UPDATE: I found a solution. See my Answer below.
My Question
How can I optimize this query to minimize my downtime? I need to update over 50 schemas with the number of tickets ranging from 100,000 to 2 million. Is it advisable to attempt to set all fields in tickets_extra at the same time? I feel that there is a solution here that I'm just not seeing. Ive been banging my head against this problem for over a day.

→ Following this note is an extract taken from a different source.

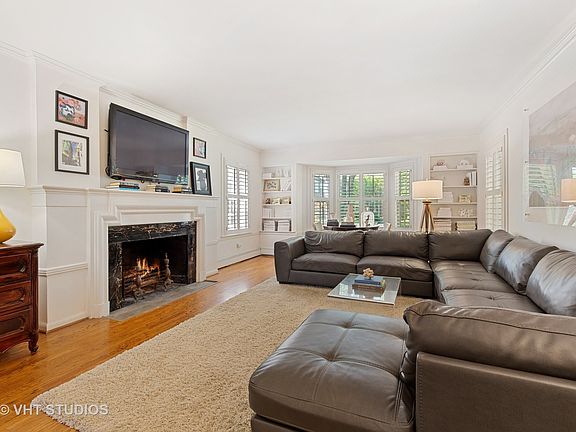 4th image of 6121 N Forest Glen Ave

Also, I initially tried without using a sub SELECT, but the performance was much worse than what I currently have.
Background
I'm trying to optimize my database for a report that needs to be run. The fields I need to aggregate on are very expensive to calculate, so I am denormalizing my existing schema a bit to accommodate this report. Note that I simplified the tickets table quite a bit by removing a few dozen irrelevant columns.
My report will be aggregating ticket counts by Manager When Created and Manager When Resolved. This complicated relationship is diagrammed here:
(source: mosso.com)
To avoid the half dozen nasty joins required to calculate this on-the-fly I've added the following table to my schema:
mysql> show create table tickets_extra\G
*************************** 1. row ***************************
Table: tickets_extra
Create Table: CREATE TABLE `tickets_extra` (
`ticket_id` int(11) NOT NULL,
`manager_created` int(11) DEFAULT NULL,
`manager_resolved` int(11) DEFAULT NULL,
PRIMARY KEY (`ticket_id`),
KEY `manager_created` (`manager_created`,`manager_resolved`),
KEY `manager_resolved` (`manager_resolved`,`manager_created`)

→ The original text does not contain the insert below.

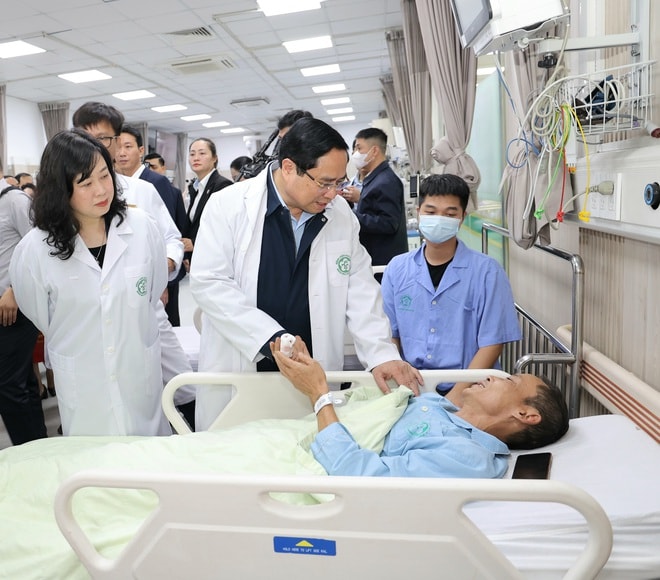 Thủ tướng Chính phủ thăm, chúc Tết, động viên y bác sĩ và bệnh nhân tại 2 bệnh viện tuyến đầu- Ảnh 3.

) ENGINE=MyISAM DEFAULT CHARSET=utf8
1 row in set (0.00 sec)
The problem now is, I haven't been storing this data anywhere. The manager was always calculated dynamically. I have millions of tickets across several databases with the same schema that need to have this table populated. I want to do this in as efficient a way as possible, but have been unsuccessful in optimizing the queries I'm using to do so:
INSERT INTO tickets_extra (ticket_id, manager_created)
SELECT
t.id,
su.user_id
FROM (
SELECT
t.id,
shift_times.shift_id AS shift_id
FROM tickets t
JOIN shifts ON t.shop_id = shifts.shop_id
JOIN shift_times ON (shifts.id = shift_times.shift_id
AND shift_times.dow = DAYOFWEEK(t.created)
AND TIME(t.created) BETWEEN shift_times.start AND shift_times.end)
) t
LEFT JOIN shifts_users su ON t.shift_id = su.shift_id
LEFT JOIN shift_positions ON su.shift_position_id = shift_positions.id
WHERE shift_positions.level = 1
This query takes over an hour to run on a schema that has > 1.7 million tickets. This is unacceptable for the maintenance window I have. Also, it doesn't even handle calculating the manager_resolved field, as attempting to combine that into the same query pushes the query time into the stratosphere. My current inclination is to keep them separate, and use an UPDATE to populate the manager_resolved field, but I'm not sure.
Finally, here is the EXPLAIN output of the SELECT portion of that query:
*************************** 1. row ***************************
id: 1
select_type: PRIMARY
table: <derived2>
type: ALL
possible_keys: NULL
key: NULL
key_len: NULL
ref: NULL
rows: 167661
Extra:
*************************** 2. row ***************************
id: 1
select_type: PRIMARY
table: su
type: ref
possible_keys: shift_id_fk_idx,shift_position_id_fk_idx
key: shift_id_fk_idx
key_len: 4
ref: t.shift_id
rows: 5
Extra: Using where
*************************** 3. row ***************************
id: 1
select_type: PRIMARY
table: shift_positions
type: ALL
possible_keys: PRIMARY
key: NULL
key_len: NULL
ref: NULL
rows: 6
Extra: Using where; Using join buffer
*************************** 4. row ***************************
id: 2
select_type: DERIVED
table: t
type: ALL
possible_keys: fk_tickets_shop_id
key: NULL
key_len: NULL
ref: NULL
rows: 173825
Extra:
*************************** 5. row ***************************
id: 2
select_type: DERIVED
table: shifts
type: ref
possible_keys: PRIMARY,shop_id_fk_idx
key: shop_id_fk_idx
key_len: 4
ref: dev_acmc.t.shop_id
rows: 1
Extra:
*************************** 6. row ***************************
id: 2
select_type: DERIVED
table: shift_times
type: ref
possible_keys: shift_id_fk_idx
key: shift_id_fk_idx
key_len: 4
ref: dev_acmc.shifts.id
rows: 4
Extra: Using where
6 rows in set (6.30 sec)
Thank you so much for reading!